▶ PROMPT
Write every entry out again exactly, please, and skip the pictures.

▶ MATERIAL SHOWN
⟨

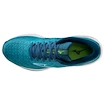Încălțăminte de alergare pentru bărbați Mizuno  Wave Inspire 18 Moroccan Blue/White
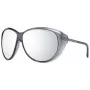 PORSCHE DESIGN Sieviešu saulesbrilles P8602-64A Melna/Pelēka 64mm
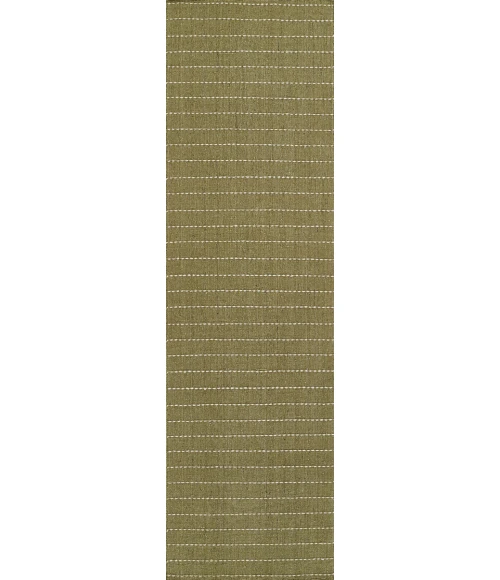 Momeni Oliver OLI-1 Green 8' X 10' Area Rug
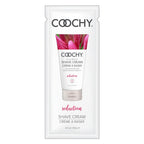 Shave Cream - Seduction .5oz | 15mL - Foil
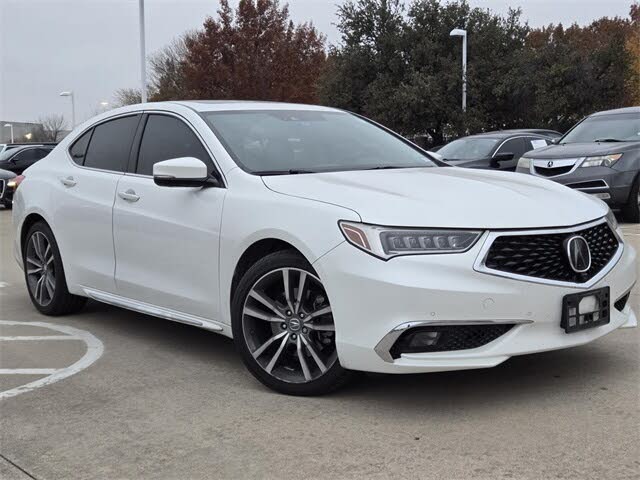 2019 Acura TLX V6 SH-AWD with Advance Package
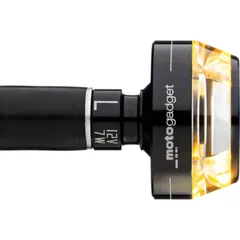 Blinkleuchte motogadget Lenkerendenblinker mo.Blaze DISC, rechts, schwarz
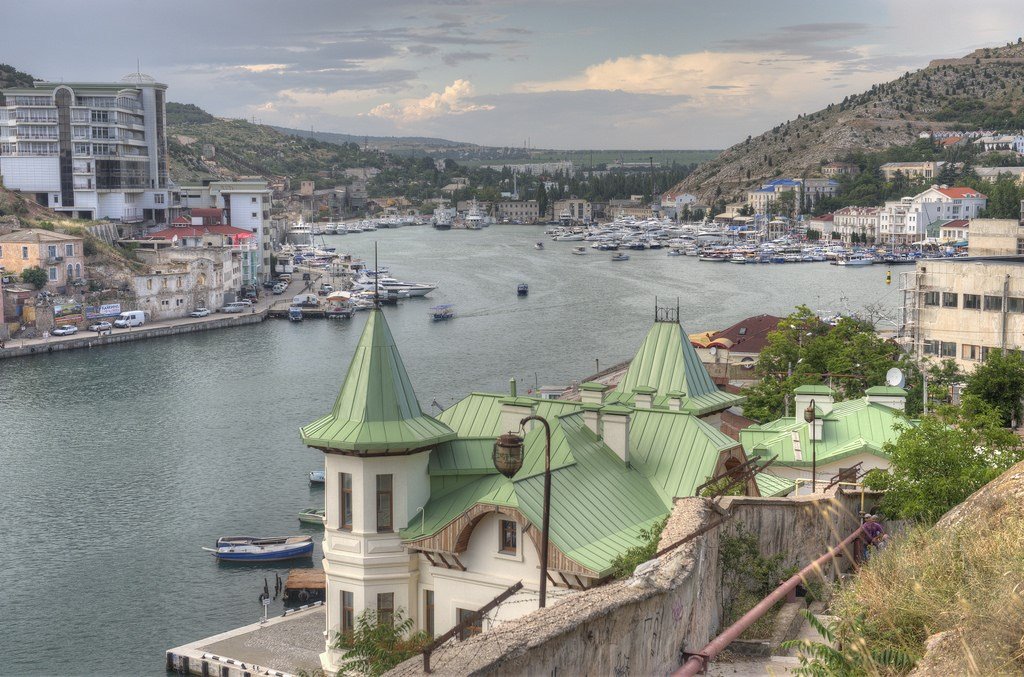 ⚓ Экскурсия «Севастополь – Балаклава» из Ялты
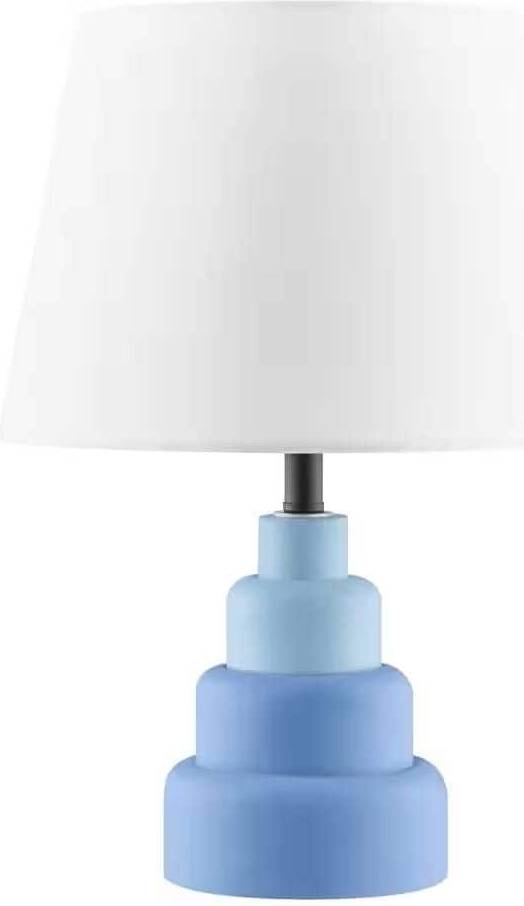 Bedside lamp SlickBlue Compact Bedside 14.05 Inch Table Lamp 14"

⟩

▶ TASK SOLUTION
Încălțăminte de alergare pentru bărbați Mizuno  Wave Inspire 18 Moroccan Blue/White
 PORSCHE DESIGN Sieviešu saulesbrilles P8602-64A Melna/Pelēka 64mm
 Momeni Oliver OLI-1 Green 8' X 10' Area Rug
 Shave Cream - Seduction .5oz | 15mL - Foil
 2019 Acura TLX V6 SH-AWD with Advance Package
 Blinkleuchte motogadget Lenkerendenblinker mo.Blaze DISC, rechts, schwarz
 ⚓ Экскурсия «Севастополь – Балаклава» из Ялты
 Bedside lamp SlickBlue Compact Bedside 14.05 Inch Table Lamp 14"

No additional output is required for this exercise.